Every week, it seems, doctors at Harvard and around the country find something new for the health-minded consumer to worry about.
If you don't eat vegetables, you'll get a stroke.
If you take certain prescription drugs, you'll become infertile.
If you don't exercise at least 20 minutes per day, you'll have a heart attack.
These are just a few of the often controversial risk studies produced over the past few years by epidemiologists, or doctors who study statistical relationships. But should anyone listen to the constant barrage, each study with more dire consequences than the last?
One indicator of the tests' importance, it would seem, is their financial impact. And apparently, insurance companies basically ignore the dozens of disease risk studies released by the Medical School each year.
Insurance companies unanimously say that their premiums are based on real past data and proven medical techniques, rather than epidemiologic studies from medical institutions. And even when premiums are reduced or increased, it's hardly a nervous reaction to a single study.
"You may find that your rates could confirm a study or two, but you look at claim experience to determine the rates, so those studies are moot," says Diana Lipps, public relations consultant for the Prudential.
The nature of most of the studies, in which participants fill out questionnaires on their habits and on their incidence of a given illness or condition, means that doctors never actually produce a basis for the increased risk. They can simply associate two groups of data, one of say, eating vegetables, and one of say, suffering strokes.

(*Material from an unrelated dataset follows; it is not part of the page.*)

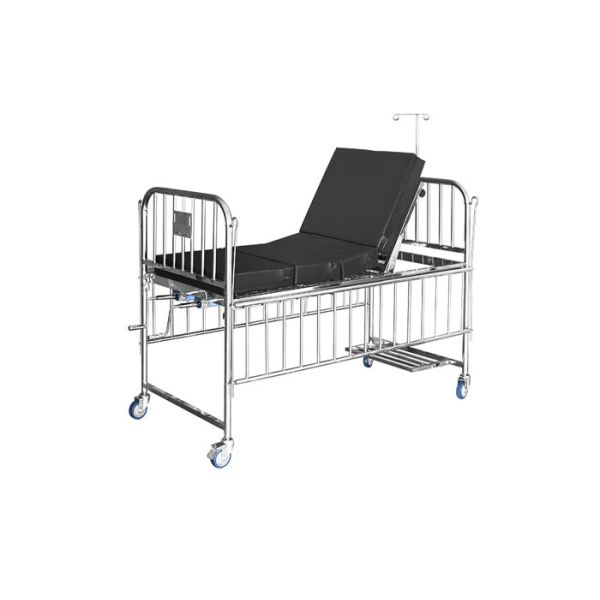 Buy Stainless Steel Manual Children Hospital Bed Two Function Molibe at wholesale prices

Nancy M. Kane, assistant professor of management at the School of Public Health, says she doesn't believe insurance companies base premiums on medical study results, but rather on past statistics.

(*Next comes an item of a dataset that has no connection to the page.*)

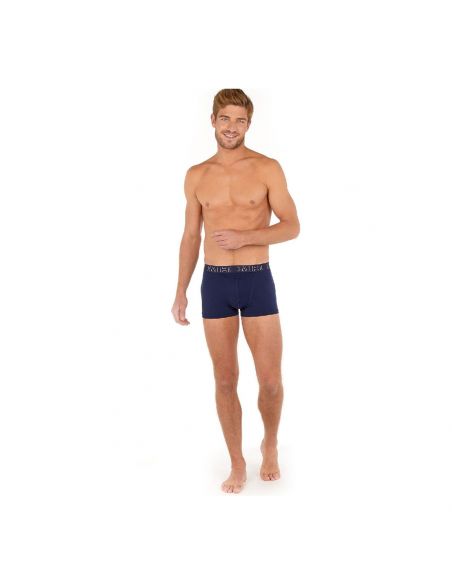 HOM H01 Boxer Briefs 2Pack Boxerlines 2 Navy Blauw D046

"It has to be a real experience," says Kane. "Actuaries and mathematicians are not so good to say what the future might bring. It's harder to work an actuarial analysis."
Disease risk studies themselves may not affect insurance premiums, but John A. Sanders, general manager of Aetna Health Care Plans for the New England area, says changes in medical technique resulting from medical research results are definitely a part of the actuarial process.
"The key determinant will be if those changes in medical practice would have an effect on medical pricing," he said.
Nancy Peskin, account executive for MetLife, says MetLife has an underwriting policy committee with several medical directors that meets once a month to determine premium changes.
"[The doctors] stay current with the literature, read all the journals, keep up the date with medical developments, and they all have a medical specialty," says Peskin. "They bring to the committee matters which they feel relate to underwriting."